BAGHDAD (Reuters) - A 12-year-old girl has been killed and eight other civilians wounded in an Iraqi airstrike on a Kurdish-held town in Iraq's northern province of Salahuddin, a Kurdish security forces official said.
Jabbar Yawar, secretary general of the Kurdish peshmerga fighters, told Reuters the strike occurred on Sunday when military planes and helicopters targeted "a group of civilian residential buildings in the heart" of the town of Tuz Khurmato.
Iraqi government forces are battling Sunni Islamist insurgents led by an ultra-radical group called the Islamic State in the area.
The Shi'ite-led government in Baghdad said it would "clarify" the details of the incident at a briefing on Monday.
The insurgents' rapid seizure of large swathes of northern and western Iraq over the past month has stirred international alarm over the possible disintegration of Iraq.

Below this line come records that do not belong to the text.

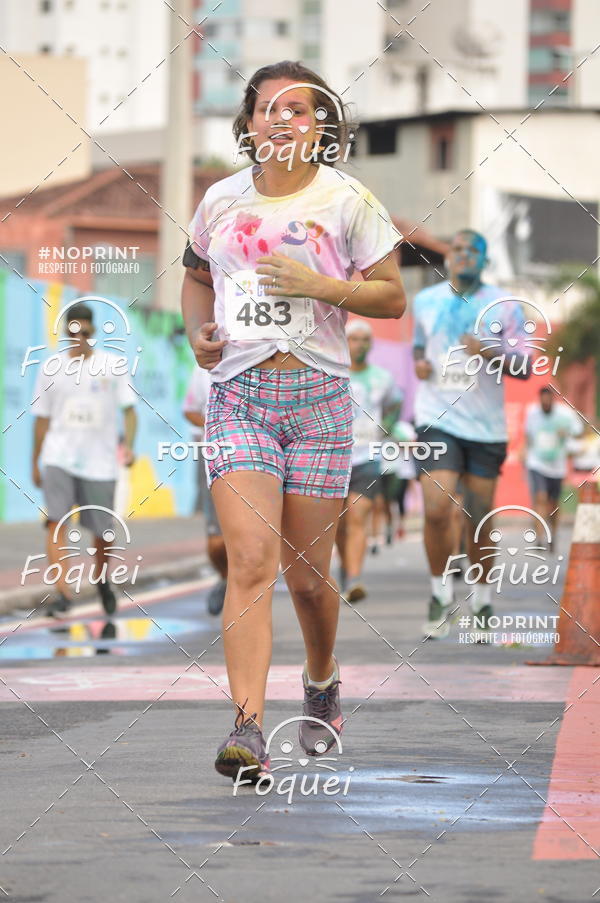 Buy your photos of the eventCorrida das Cores - Etapa Vitria on Fotop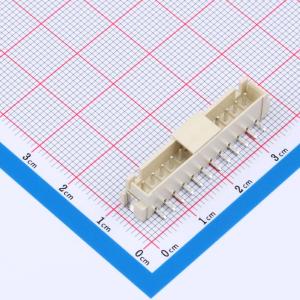 ZX-HA2.54-12PLT商品缩略图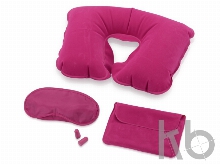 Набор для путешествий «Глэм»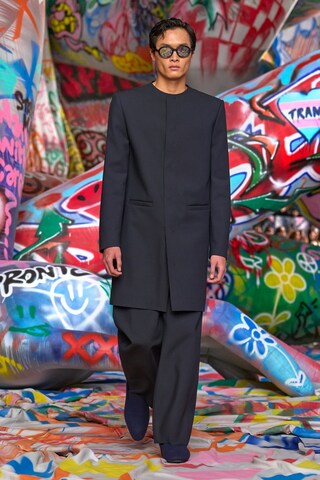 Diesel Autumn/Winter 2025
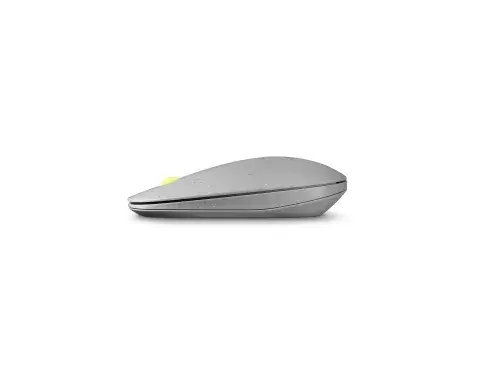Мышка Acer Macaron Vero Photo 4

The Kurds, who run their own autonomous region in northern Iraq, have taken advantage of the chaos to expand their territory by as much as 40 percent, including the oilfields and city of Kirkuk, which they claim as their national capital.
Tuz Khurmato, which lies 88 km (55 miles) south of Kirkuk, was also seized by the peshmerga last month after Iraq's army withdrew before the insurgents' offensive. The insurgents have since clashed with the peshmerga and Turkmen militia in the area around Tuz Khurmato.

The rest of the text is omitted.